_Task goal_
In the data below, one line contains "Nike Air Force" and a later one contains "高中英语人教版 (2019)必修 第二册Unit". Print both, with every line between them, exactly and alone.

[Items listed in a dataset]
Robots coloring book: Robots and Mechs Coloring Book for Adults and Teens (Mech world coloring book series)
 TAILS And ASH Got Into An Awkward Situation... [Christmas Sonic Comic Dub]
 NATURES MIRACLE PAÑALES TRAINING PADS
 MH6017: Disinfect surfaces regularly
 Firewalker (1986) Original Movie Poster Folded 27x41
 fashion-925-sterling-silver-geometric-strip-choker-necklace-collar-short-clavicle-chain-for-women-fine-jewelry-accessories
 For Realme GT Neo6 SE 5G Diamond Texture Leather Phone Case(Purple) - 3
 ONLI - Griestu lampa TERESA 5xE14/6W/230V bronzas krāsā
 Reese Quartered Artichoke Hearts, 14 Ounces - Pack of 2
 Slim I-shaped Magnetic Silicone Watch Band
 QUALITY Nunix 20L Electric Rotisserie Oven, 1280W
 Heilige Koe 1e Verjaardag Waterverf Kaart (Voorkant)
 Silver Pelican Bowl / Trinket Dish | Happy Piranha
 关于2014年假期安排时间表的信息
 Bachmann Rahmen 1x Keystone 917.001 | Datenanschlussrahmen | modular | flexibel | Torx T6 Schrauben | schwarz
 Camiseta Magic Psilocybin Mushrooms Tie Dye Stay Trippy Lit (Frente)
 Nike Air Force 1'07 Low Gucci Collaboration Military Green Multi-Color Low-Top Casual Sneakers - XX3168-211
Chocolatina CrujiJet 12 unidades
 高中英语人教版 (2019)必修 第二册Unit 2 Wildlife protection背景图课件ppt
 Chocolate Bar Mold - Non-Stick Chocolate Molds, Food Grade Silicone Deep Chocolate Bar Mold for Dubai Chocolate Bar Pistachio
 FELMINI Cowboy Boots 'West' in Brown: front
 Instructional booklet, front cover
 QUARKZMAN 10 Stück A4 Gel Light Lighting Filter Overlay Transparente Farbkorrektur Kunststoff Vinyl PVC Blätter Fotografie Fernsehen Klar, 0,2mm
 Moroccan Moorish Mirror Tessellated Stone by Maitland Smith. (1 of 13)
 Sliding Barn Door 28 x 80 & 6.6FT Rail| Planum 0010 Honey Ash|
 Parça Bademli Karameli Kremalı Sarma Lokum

_Written reply_
 Nike Air Force 1'07 Low Gucci Collaboration Military Green Multi-Color Low-Top Casual Sneakers - XX3168-211
Chocolatina CrujiJet 12 unidades
 高中英语人教版 (2019)必修 第二册Unit 2 Wildlife protection背景图课件ppt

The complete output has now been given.